Lettere in redazione

Occupazioni, una risposta troppo ingenua

Scusatemi per la franchezza, ma la risposta data alla lettera sul rito delle occupazioni nel numero di Toscana Oggi del 25 ottobre mi pare un tantino ingenua. Il cosiddetto rito delle occupazioni  è iniziato da decenni e si è prolungato nel tempo fino a qualche anno fa , puntualmente nello stesso periodo: da qualche anno si tratta solo di episodi isolati. Quando, prima del 2004/2005, il rito era effettivamente diffuso in tutta Italia nello stesso periodo(novembre-dicembre), i presidi tutti erano coinvolti in quello che viene definito un fallimento da mancanza di dialogo: la verità era che nessuno fra gli studenti promotori (pochi) accettava il dialogo e tutti gli altri si attenevano alle decisioni di pochi, quasi sempre collegati a partiti e movimenti esterni alla scuola.

Tutti o almeno la stragrande maggioranza dei  presidi si sono sempre attivati per risolvere la questione della protesta in dimensione pedagogica, chiedendo l’aiuto delle famiglie tramite riunioni, assemblee, consigli di istituto e convocazione degli organi gestionali della scuola; non si è mai ottenuto nulla per la mancanza di coraggio di tutti coloro che avrebbero dovuto affrontare il problema.

Pensate alle tremende responsabilità di un preside che si trova di fronte ad una scuola ingestibile, incontrollabile, occupata giorno e notte, danneggiata nelle strutture. A quei tempi si è cercato di insistere sul tasto della legalità che oggi sembra tanto di moda, facendo osservare che la maggior parte degli atti si configuravano come reati (lesione del diritto altrui di avere lezioni regolari, interruzione di servizio pubblico etc.).

Gli organi di controllo sono sempre stati avvertiti, forse non da tutti, ma da molti presidi; senza esito. A quei tempi io con il collegio dei professori ho anche tempestato di lettere i ministri in carica per protestare e far presente che in situazione simile lo svolgimento dei compiti di vigilanza su persone e strutture era di fatto impedito, senza contare che potevano accadere chissà quali incidenti.

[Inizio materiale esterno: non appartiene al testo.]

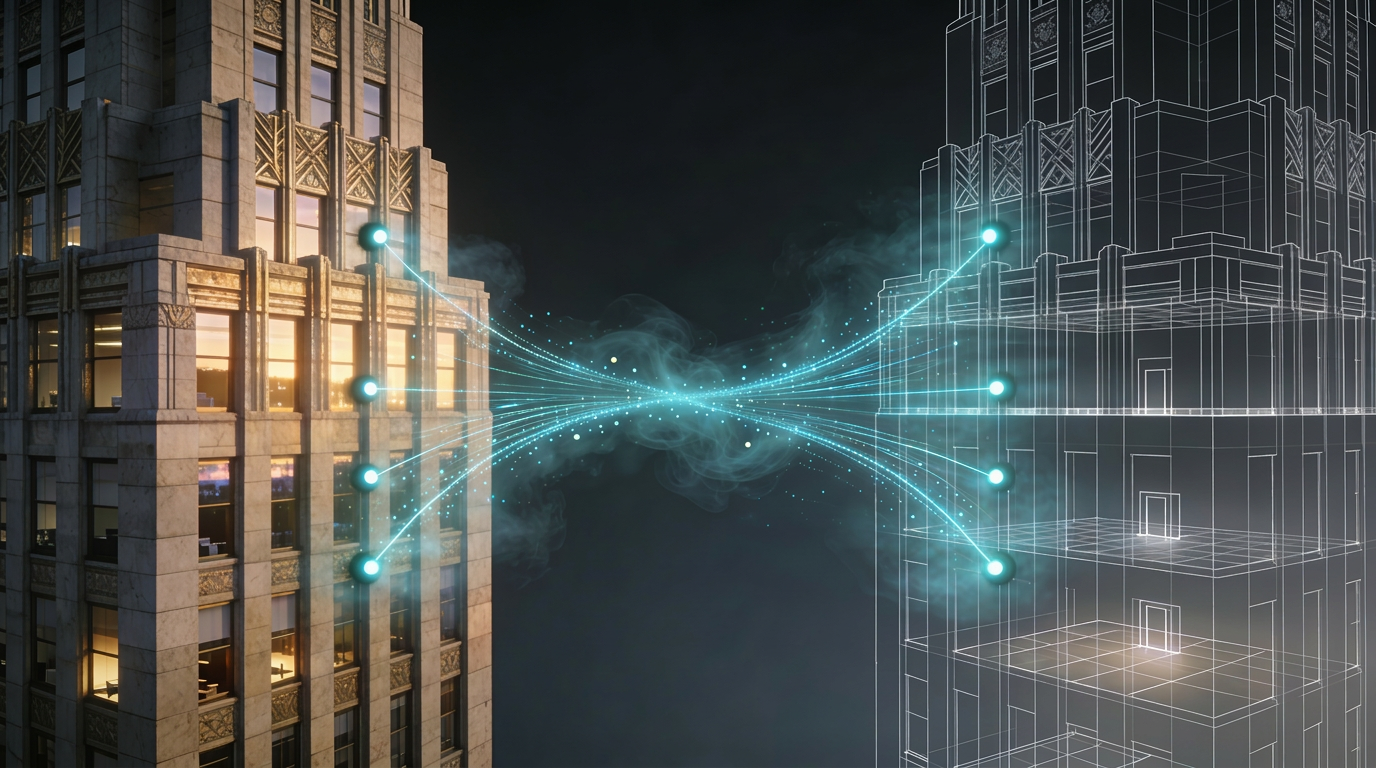 A building linked to its ghostly digital twin by flows of data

I dirigenti sopra di noi erano chiaramente impotenti e qualche volta facevano anche osservazioni poco simpatiche sul fallimento del dialogo. Eravamo stati lasciati soli dalle istituzioni che non volevano affrontare il problema.

Ora che invece tutto si può considerare concluso, ora che non c’è più interesse a nascondere la testa nella sabbia, non sarebbe male tentare un approfondimento del tema, che consentirebbe di capire meglio un aspetto caratterizzante la storia nostra negli ultimi trent’anni.

Perdonatemi un tantino di coinvolgimento emotivo; mi auguro che, nonostante ciò, il senso del mio discorso sia chiaro.

Franco Sabatini

Comprendiamo il «coinvolgimento emotivo» di un ex preside, che ha vissuto sulla sua pelle queste vicende. Sappiamo bene che i problemi sono complessi e che non si può mai generalizzare. E che le poche righe di una risposta possono suonare «ingenue» o quantomeno sbrigative. Ma ribadiamo quanto abbiamo già scritto. Certo, i tempi in cui tutte le scuole superiori «occupavano» – e anche per lunghi periodi – è per fortuna tramontato. E, in confronto, quello che è avvenuto quest’anno, soprattutto in città come Firenze, è sembrata una cosa quasi da nulla. Ma ora come allora è intollerabile far finta di niente.

Parlare di «fallimento» – lo so – può urtare le suscettibilità degli educatori. Ma è un’esperienza che ogni educatore, genitori compresi, sa di dover mettere in conto, prima o poi. Se una minoranza di studenti occupa e una maggioranza subisce o ne approfitta per fare vacanza, questo deve interpellare i genitori, gli insegnanti, i dirigenti scolastici, prima ancora di tutti i possibili risvolti organizzativi e disciplinari (che come lei giustamente ricordava, ci sono pure). Lei che è stato preside in una scuola superiore di San Giovanni Valdarno sa bene che ci sono insegnanti che con gli allievi si limitano ad avere un rapporto puramente didattico (ed è già qualcosa, intendiamoci) e altri – specie tra coloro che hanno più ore nelle classi – che invece riescono a guadagnarsi autorità e una forte influenza. Sanno ascoltare i giovani e anche aiutarli, in qualche modo, nelle loro scelte. Se invece il dialogo tra corpo docente e allievi si chiude anche gestire al meglio un’occupazione diventa un’impresa ardua.